Вскоре Нарышкин вернулся с фонарем, и при свете его бояре увидели в углу рослого и здорового мужчину в сермяжном кафтане, суконных портах и высоких сапогах. Шапка-курпейка валялась около него на земле. Волосы и борода его были страшно всклочены, лицо покрыто смертною бледностью… Глаза блуждали испуганно… Грудь тяжело дышала…
– Ба! Ба! Ба! – воскликнул князь Борис, вглядевшись в лицо лежавшего на земле. – Старый знакомец! Да! Это Ларька Елизарьев, стрелецкий пятисотный… Я говорил тебе, Лев Кириллыч, что подожгли нас Федькины головорезы!
Ларион Елизарьев
– Ну, приятель, – сказал князь Борис, ставя фонарь на землю и складывая на груди руки, – ты, видно, лез в овчарню, да попал на псарню… Так говори уж – все равно! – как было дело? Кто тебя послал?
– Прости… помилуй… смилуйся, боярин! Да ради жены и малолеток… отпусти душу на покаяние…
– Ты мне дело говори, а не Лазаря пой! – гневно произнес князь Борис. – Все равно заговоришь завтра, как примутся за тебя заплечные мастера! Кто подослал тебя? Кто был еще с тобою?

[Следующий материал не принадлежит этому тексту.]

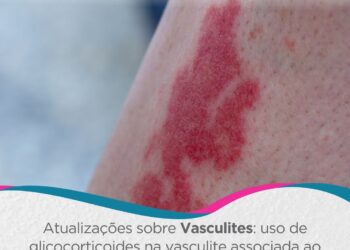 EULAR 2026: Atualizações sobre Vasculites: uso de glicocorticoides na vasculite associada ao ANCA (AAV) e na arterite de células gigantes (ACG)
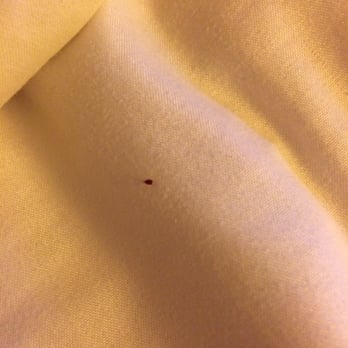 European Hostel - Hard to tell but that is a motherfucking bedbug full of blood and when I tried to pick it up it squirted blood everywhere. - Hostels Near Me - San Francisco, California European Hostel - Hard to tell but that is a motherfucking bedbug full of blood and when I tried to pick it up it squirted blood everywhere. - Hostels Near Me - San Francisco, California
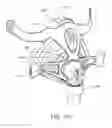 Fig. 54 - Heat and moisture exchanger for a patient interface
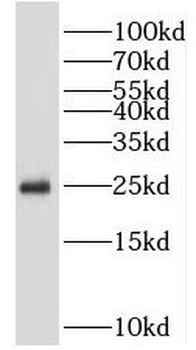 PSMB4 Antibody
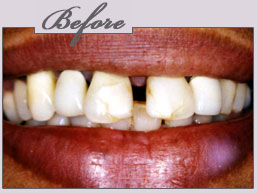 new york porcelain veneers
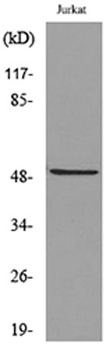 HNF-3α/β/γ (Acetyl Lys264/253/211) rabbit pAb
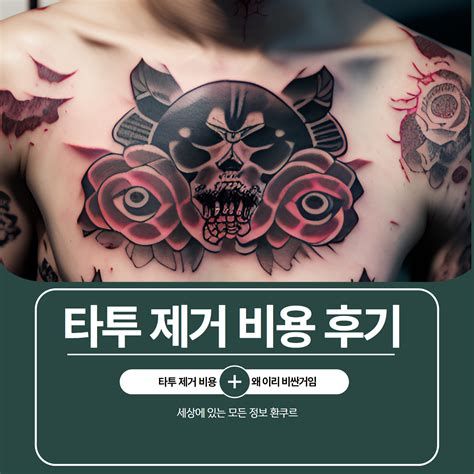 타투 지우는 비용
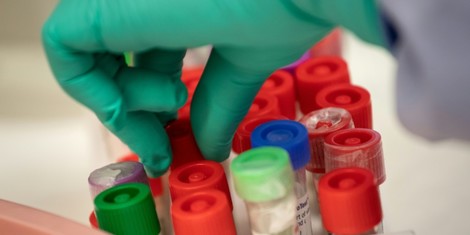 bb5253b37882671b9a6c990b3e480efd10a85caf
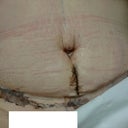9 days post op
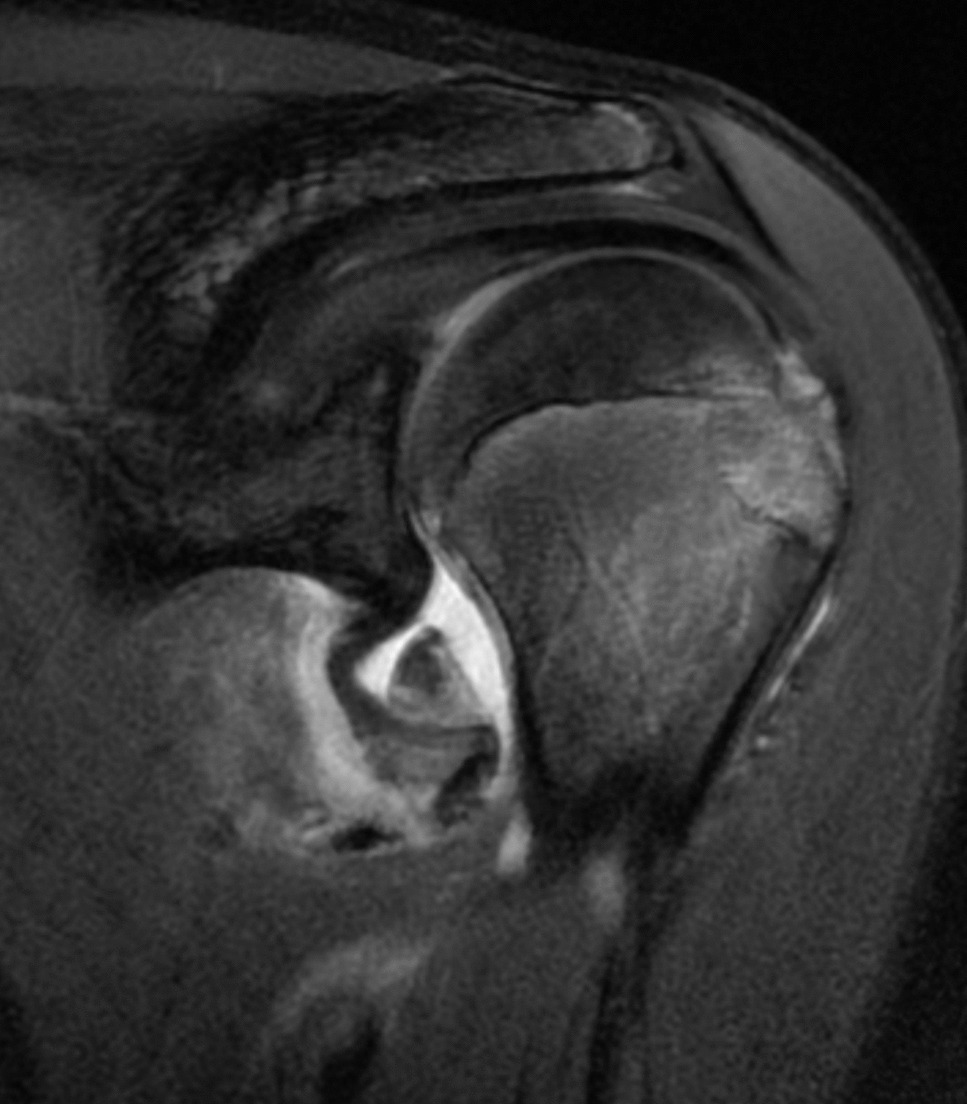 Surgical Management of Humeral Avulsion of the Glenohumeral Ligament Injuries: Indications, Treatment Strategies, and Outcomes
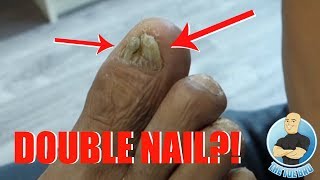 TRIMMING OF A DAMAGED THICKENED SPLIT TOENAIL WITHOUT REMOVAL [upl. by Leith292]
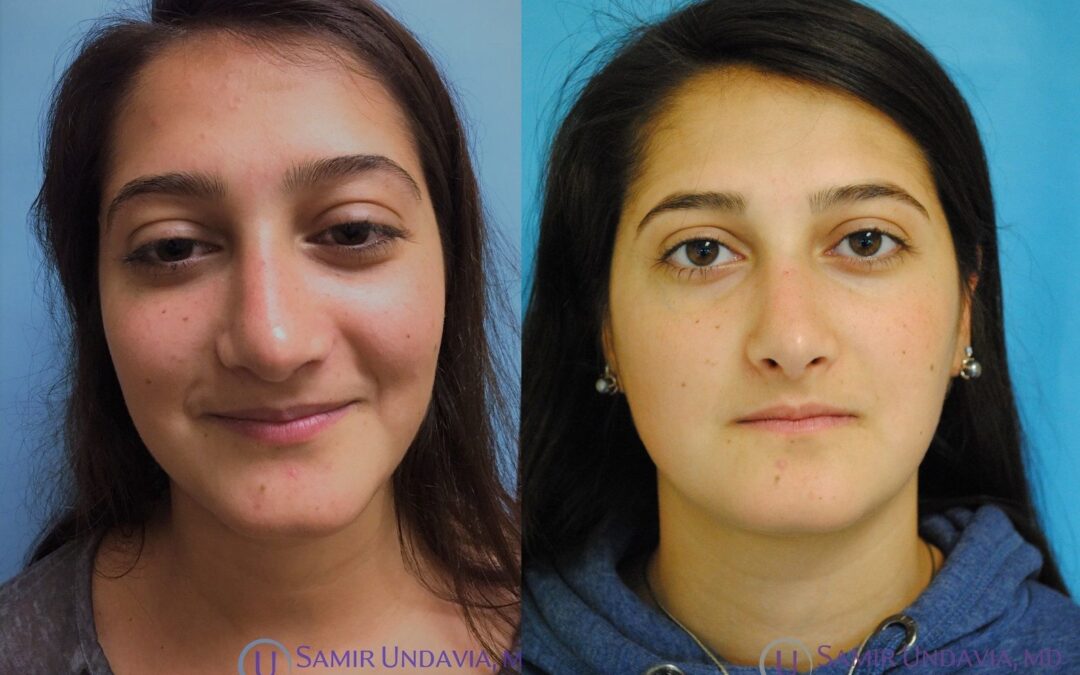 Rinoplastica – rhinoplasty experts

– Все скажу, батюшка-князь, во всем покаюсь… и такое тебе открою, что никому не ведомо… отпусти только меня… смилуйся!.. Век тебе служить буду, не забуду твоей милости!
И Ларион Елизарьев все по порядку рассказал князю Борису и Льву Кирилловичу.
Выслушав его исповедь, бояре отошли от него в противоположный темный угол амшеника и долго еще совещались между собою.
Насмерть перепуганный Елизарьев слышал только долетевшие до него слова князя Бориса:
– Я говорю тебе, Лев Кириллович, что еще не время с ними начинать…
И потом опять после разных возражений Нарышкина:
– Всегда его успеем вздернуть, а теперь пусть нам послужит… Пригодится…
Вероятно, князю Борису удалось склонить боярина на сторону своего мнения, потому что они оба снова подошли к Лариону Елизарьеву, развязали ему руки, принесли ему перо и бумагу и заставили его что-то долго и много писать и скрепить написанное своею подписью. Взяв из рук его эту бумагу, князь Борис сказал ему:
– Ну, видно, так Бог судил, чтобы тебе еще пожить на свете! Но знай и помни, что жизнь твоя у нас в руках и что от нас не укроешься на дне морском – везде разыщем! Коли сослужишь службу верную, без всякого шатанья – будешь награжден щедрее щедрого; а чуть задумаешь хвостом вилять – очутишься на плахе! Слышал?
– Слышал, батюшка-князь! И заслужу твоей милости – твоих злодеев и врагов не укрою! – бормотал, все еще трепеща всем телом, Елизарьев, кланяясь боярам в ноги.
На рассвете князь Борис вывел его, вместе с Нарышкиным, через свой сад за околицу и указал ему дорогу к лесу.
XXI
Князь Василий и царевна София, прослышав о подробностях Преображенского переполоха, ни на одну минуту не усомнились в том, что это дело не миновало рук Федора Леонтьевича, и решились во что бы то ни стало на время удалить его из Москвы. Ему придумано было почетное поручение: боярам поставлена на вид необходимость отправить Шакловитого в малороссийские города для наблюдения за действиями нового гетмана Ивана Мазепы.
Все еще злобствуя на Оберегателя, Шакловитый, однако же, был почти признателен ему за ловко придуманный для него выход из положения, которое становилось затруднительным и даже небезопасным; к тому же эта поездка на юг с тайным и важным поручением от лица великих государей сулила ему в малороссийских городах торжественные встречи, радушные приемы, обильное угощение и богатые подарки – сулила полное удовлетворение оскорбленному самолюбию и дьяческой корысти.